Much is foreshadowed in Parks’ script and I would spoil it for those less familiar with Topdog/Underdog. The names alone might be suggestive, or maybe not. But what Parks does is provide a Biblical tale as a theatrical experience like few others. It is a Sunday sermon based upon an Old Testament fire-and-brimstone tale–in this case about the horrific state of the African-American male experience in America.
The creative team for Avant Bard’s Topdog/Underdog are marvelously cunning. To take a seat at Gunston’s Theatre II, I walked into another world, a dingy urban world full of outside noises. A 2×4 framed structure covered with makeshift cardboard becomes home for Topdog/Underdog as fabricated by scenic designer Nephelie Andonyadis and her team of carpenters, painters, and electricians. Danielle Harrow’s costume design follows the living on the edge lives of brothers Booth and Lincoln. Props designer Liz Long adds the right touches with disposable items important to those living chaotic lives.
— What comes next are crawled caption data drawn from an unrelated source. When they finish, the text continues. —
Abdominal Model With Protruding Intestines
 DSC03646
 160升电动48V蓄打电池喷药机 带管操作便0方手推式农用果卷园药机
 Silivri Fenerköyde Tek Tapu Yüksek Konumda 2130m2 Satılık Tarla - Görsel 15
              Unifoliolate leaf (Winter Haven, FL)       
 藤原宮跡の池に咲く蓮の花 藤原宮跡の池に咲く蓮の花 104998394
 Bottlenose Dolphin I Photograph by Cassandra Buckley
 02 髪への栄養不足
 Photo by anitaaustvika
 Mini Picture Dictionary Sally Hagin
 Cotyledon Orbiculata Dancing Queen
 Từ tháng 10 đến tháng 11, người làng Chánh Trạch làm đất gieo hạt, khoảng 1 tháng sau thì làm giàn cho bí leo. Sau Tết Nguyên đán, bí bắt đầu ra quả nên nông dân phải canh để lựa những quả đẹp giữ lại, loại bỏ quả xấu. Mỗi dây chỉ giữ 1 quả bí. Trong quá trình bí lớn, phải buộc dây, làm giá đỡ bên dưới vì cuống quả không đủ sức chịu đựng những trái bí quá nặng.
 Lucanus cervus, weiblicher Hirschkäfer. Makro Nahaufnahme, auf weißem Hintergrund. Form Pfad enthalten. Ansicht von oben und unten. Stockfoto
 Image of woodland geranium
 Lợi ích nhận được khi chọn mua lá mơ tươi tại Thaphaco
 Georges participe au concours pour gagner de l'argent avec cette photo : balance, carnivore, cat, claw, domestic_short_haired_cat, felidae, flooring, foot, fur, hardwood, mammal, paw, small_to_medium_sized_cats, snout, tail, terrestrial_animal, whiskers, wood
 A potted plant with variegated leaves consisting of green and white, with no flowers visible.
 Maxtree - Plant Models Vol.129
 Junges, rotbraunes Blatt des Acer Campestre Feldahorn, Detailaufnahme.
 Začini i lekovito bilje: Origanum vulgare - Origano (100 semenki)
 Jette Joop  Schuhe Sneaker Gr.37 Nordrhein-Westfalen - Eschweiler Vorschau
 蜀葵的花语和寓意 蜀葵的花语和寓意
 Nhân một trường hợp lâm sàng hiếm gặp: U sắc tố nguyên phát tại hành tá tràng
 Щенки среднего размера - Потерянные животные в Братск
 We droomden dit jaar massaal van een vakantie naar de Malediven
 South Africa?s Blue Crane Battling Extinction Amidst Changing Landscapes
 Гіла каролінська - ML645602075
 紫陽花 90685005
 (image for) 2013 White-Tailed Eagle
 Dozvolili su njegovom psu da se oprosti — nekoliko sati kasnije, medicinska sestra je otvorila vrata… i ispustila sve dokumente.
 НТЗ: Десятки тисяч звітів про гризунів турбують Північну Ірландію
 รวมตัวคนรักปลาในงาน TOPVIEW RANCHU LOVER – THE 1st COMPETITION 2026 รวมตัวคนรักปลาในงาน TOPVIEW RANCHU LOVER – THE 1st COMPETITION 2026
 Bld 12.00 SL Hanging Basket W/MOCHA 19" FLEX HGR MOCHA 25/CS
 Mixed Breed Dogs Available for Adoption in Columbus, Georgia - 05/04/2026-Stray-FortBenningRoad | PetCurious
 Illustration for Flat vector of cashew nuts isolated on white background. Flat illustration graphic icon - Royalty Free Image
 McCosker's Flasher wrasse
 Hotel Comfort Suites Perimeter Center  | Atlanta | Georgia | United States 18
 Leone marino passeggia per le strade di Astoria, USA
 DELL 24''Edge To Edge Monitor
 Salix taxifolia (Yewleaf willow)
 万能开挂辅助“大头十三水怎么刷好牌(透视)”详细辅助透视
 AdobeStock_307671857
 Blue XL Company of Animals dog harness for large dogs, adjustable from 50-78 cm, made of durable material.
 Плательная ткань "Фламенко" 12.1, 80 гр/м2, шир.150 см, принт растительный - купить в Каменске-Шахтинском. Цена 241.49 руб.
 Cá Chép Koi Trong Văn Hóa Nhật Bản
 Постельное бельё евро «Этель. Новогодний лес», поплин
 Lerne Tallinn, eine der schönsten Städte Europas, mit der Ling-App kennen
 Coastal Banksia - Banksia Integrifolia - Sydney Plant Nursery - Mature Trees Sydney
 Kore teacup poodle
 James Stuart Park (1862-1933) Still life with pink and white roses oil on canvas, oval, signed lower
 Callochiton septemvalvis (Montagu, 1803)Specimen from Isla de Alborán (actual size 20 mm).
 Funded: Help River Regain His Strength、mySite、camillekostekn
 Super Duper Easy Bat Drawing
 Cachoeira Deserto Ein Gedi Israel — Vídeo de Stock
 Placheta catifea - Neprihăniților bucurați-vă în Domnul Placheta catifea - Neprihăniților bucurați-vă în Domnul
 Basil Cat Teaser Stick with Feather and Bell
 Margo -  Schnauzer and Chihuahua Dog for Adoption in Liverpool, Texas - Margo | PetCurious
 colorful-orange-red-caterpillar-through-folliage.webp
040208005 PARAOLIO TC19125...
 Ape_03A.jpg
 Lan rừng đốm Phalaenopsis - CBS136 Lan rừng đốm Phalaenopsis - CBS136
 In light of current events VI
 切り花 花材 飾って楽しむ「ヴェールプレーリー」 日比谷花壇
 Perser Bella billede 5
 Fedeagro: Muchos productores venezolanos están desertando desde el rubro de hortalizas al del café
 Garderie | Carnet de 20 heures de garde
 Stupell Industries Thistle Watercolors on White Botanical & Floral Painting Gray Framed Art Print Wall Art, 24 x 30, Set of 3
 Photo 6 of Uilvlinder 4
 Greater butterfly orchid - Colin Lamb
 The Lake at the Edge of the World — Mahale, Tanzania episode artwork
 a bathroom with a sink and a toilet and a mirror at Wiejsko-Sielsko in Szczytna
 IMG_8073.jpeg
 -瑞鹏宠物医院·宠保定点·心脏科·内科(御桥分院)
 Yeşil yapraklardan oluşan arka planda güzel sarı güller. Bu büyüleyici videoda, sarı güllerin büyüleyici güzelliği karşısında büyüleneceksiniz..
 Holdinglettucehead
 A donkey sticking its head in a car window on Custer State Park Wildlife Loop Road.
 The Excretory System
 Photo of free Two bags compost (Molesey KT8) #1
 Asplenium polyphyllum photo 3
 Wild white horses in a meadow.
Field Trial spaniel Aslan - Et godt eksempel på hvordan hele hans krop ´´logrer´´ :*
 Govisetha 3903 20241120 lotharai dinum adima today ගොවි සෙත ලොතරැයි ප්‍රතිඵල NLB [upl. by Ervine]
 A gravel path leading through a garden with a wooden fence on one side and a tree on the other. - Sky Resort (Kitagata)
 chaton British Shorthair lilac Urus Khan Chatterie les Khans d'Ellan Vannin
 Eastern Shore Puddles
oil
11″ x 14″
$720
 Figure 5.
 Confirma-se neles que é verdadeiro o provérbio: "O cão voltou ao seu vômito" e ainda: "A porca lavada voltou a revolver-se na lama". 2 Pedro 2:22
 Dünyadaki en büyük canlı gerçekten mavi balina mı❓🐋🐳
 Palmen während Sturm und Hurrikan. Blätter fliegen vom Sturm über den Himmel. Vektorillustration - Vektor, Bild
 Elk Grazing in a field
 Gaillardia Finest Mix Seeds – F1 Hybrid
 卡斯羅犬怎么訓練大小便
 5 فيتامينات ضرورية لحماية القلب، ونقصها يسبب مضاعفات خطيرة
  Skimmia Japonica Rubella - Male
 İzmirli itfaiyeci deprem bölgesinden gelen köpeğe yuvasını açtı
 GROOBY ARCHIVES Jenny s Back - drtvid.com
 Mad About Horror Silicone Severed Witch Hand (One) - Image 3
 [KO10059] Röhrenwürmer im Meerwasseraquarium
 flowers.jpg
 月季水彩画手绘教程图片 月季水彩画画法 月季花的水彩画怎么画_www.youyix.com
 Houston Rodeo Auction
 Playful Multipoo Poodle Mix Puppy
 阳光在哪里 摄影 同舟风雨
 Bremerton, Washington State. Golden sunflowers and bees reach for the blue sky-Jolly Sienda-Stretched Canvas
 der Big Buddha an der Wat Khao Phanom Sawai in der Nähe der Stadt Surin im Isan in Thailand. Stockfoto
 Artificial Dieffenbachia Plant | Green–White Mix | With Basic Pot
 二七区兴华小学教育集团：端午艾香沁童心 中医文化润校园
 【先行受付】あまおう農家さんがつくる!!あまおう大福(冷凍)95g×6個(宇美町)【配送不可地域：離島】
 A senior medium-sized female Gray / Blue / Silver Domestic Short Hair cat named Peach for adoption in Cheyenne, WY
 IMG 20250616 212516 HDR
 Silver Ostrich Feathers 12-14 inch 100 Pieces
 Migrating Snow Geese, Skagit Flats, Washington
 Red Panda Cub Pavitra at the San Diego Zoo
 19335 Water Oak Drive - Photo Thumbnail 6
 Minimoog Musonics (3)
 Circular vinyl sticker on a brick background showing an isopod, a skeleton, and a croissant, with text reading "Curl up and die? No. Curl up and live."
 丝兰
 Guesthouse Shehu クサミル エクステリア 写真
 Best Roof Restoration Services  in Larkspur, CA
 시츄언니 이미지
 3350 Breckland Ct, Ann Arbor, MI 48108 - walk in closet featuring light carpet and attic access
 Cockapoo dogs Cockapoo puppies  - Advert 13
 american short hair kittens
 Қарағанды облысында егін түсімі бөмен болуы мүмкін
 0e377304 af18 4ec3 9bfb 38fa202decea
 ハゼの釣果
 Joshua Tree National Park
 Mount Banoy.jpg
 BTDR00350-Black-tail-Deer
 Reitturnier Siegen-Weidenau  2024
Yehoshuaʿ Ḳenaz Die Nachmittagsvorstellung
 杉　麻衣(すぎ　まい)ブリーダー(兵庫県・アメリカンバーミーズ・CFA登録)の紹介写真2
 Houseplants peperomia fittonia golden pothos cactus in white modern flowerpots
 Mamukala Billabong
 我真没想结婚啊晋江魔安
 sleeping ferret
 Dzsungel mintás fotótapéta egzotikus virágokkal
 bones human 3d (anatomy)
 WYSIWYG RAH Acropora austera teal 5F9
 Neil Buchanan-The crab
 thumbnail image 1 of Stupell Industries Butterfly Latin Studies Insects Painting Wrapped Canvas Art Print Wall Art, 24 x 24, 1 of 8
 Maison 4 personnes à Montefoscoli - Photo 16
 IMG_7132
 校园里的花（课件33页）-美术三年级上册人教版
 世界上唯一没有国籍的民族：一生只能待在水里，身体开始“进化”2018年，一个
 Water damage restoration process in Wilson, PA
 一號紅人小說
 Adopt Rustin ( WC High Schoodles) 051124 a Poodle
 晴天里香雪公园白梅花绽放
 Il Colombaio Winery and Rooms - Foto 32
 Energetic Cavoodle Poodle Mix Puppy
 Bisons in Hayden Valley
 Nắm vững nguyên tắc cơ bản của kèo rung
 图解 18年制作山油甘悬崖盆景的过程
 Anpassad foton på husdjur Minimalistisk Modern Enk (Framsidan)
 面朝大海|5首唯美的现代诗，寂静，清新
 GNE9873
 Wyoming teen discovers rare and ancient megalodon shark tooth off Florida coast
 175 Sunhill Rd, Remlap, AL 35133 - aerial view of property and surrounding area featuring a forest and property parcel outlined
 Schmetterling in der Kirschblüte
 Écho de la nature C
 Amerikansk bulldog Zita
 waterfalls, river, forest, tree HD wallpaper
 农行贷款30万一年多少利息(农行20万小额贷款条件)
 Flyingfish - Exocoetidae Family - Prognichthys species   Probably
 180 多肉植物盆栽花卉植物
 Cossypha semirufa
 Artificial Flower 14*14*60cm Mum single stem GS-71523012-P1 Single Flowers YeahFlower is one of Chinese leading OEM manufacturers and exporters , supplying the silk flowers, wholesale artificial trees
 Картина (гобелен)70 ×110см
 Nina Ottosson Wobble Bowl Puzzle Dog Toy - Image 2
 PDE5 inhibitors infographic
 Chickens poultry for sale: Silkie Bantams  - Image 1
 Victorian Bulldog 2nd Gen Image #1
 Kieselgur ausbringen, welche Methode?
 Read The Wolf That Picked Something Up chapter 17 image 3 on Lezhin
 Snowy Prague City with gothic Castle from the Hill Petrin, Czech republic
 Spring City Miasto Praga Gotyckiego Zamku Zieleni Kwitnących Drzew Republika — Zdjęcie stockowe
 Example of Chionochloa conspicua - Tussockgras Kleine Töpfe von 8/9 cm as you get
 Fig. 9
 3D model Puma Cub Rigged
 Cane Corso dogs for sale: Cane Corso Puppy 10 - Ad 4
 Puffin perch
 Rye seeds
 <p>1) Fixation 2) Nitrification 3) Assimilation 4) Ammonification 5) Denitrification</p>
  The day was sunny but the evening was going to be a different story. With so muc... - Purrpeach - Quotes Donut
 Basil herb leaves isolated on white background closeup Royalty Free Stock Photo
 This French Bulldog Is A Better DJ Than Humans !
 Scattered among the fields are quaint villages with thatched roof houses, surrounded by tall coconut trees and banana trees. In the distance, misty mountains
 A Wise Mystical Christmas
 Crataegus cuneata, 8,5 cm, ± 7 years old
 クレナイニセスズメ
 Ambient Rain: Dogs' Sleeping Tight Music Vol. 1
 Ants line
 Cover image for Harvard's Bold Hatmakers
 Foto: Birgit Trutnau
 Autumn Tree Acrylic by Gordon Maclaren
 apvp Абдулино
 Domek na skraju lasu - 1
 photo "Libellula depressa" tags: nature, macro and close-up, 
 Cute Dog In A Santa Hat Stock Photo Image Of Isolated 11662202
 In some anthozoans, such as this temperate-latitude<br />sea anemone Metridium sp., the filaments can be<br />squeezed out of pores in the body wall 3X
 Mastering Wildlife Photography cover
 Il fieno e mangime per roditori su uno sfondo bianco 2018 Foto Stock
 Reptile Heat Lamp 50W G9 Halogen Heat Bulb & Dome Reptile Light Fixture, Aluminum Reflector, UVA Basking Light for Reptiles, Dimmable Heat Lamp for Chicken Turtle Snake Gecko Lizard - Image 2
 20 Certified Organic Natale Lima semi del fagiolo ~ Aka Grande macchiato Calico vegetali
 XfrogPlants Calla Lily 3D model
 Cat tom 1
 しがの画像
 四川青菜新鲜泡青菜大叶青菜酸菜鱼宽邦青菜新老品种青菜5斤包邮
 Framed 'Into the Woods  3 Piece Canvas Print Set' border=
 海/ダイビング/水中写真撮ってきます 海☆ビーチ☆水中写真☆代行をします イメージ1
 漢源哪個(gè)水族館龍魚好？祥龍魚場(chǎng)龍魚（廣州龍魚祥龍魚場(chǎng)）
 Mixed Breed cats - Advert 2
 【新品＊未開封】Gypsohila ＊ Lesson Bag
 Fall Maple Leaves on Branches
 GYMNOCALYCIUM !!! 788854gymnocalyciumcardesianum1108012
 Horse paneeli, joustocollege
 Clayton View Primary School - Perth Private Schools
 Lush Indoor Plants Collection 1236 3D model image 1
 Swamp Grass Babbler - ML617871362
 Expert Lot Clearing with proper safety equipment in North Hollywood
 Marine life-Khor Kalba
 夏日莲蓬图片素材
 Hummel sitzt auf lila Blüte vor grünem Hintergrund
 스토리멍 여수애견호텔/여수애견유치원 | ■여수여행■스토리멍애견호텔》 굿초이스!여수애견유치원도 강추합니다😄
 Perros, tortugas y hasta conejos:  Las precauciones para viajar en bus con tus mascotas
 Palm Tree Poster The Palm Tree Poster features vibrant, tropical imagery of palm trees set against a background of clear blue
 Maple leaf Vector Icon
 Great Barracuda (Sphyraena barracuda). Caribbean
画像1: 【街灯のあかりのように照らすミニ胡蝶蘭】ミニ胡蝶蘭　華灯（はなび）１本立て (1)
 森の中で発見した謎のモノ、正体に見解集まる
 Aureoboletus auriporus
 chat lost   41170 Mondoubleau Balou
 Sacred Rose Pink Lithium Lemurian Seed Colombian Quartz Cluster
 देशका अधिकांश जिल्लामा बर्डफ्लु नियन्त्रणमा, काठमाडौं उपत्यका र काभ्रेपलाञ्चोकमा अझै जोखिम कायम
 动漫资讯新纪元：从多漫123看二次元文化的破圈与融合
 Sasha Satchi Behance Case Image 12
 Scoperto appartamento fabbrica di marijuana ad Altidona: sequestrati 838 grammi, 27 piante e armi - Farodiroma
Topdog/Underdog is a wonder of a script. But it is also a live production. Actors Davis and Hunter provide layer upon layer of singular energy and in-your-face commotion that vibrates against each other. Together and singly, they provide surges of choreographed back-and-forth rhythms of language and stylizations of movement. They are dancers. They are athletes. They are not to be missed.
One of Topdog/Underdog’s most memorable lines asks: “Does the show stop when no one’s watching, or does the show go on?” Do keep this Avant Bard production going and watch it. See it for yourself. Then let me know what you think.
Running Time: Two hours and twenty minutes, with one intermission.